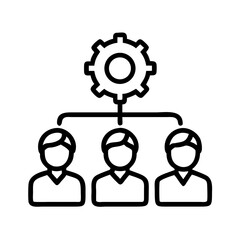Team management structure icon vector illustration for business process and workflow diagram 90 on transparent background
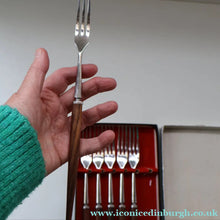 Load image into Gallery viewer, Vintage 1960s Hankyu JAPANESE Cutlery. Stainless Steel Very Long Forks with Teak Handles. Original Retail Box
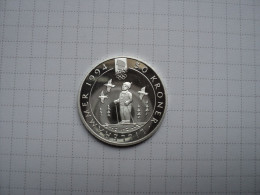 Norway 50 Kroner 1991 "Child Skiing" AUNC, Silver - Norvège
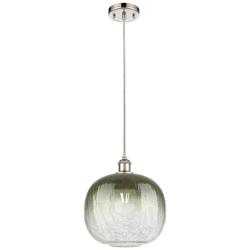 Ballston Brookhaven Sphere 11"W Polished Nickel Cord Pendant w/ Slate Shade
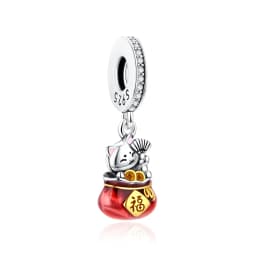 925 Sterling Silver Charms Fortune Cat Chinese New Year Pendant Beads Japanese Girl Fit Brand Bracelets Necklaces Women Jewelry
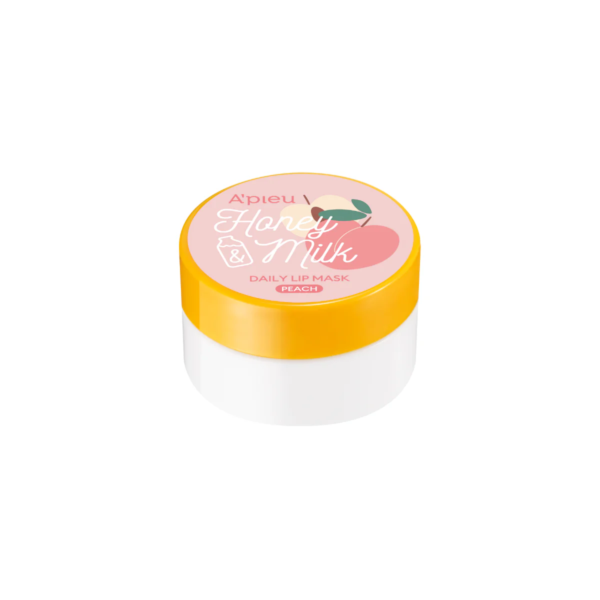 Un pot pêche et jaune étiqueté "Honey & Milk Daily Lip Mask Berries 6g (Copy)" par A'Pieu (A'PIEU Masque Quotidien Lèvres Miel et Lait au Baies).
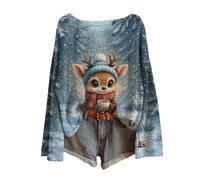 Pull Moche de Noel Femme, Sweat À Capuche Sweet Fluffy Polaire Tee Blouse de Femme Intérieur Col V Interieur Oversize Rigolo Beau Drole Humour Sherpa Robe Pull Noel S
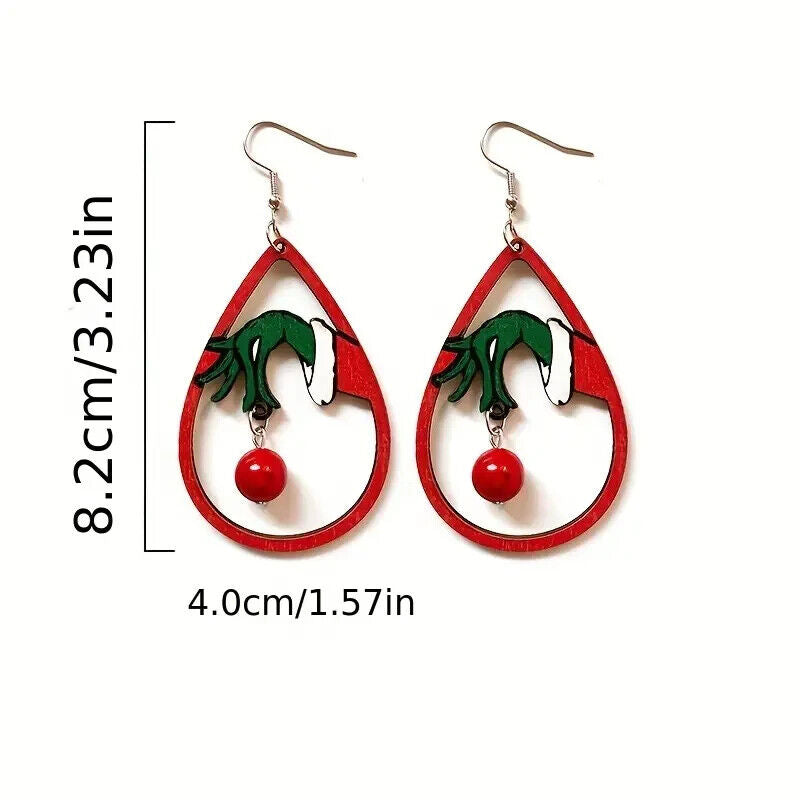 Christmas Grinch Ornament Earrings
#####
> [About this exercise] Exact reproduction is required for the lines from the one containing "Pull Moche de" through the end of the material, and for those lines only, without pictures.

> [Answer for the task]
 Pull Moche de Noel Femme, Sweat À Capuche Sweet Fluffy Polaire Tee Blouse de Femme Intérieur Col V Interieur Oversize Rigolo Beau Drole Humour Sherpa Robe Pull Noel S
 Christmas Grinch Ornament Earrings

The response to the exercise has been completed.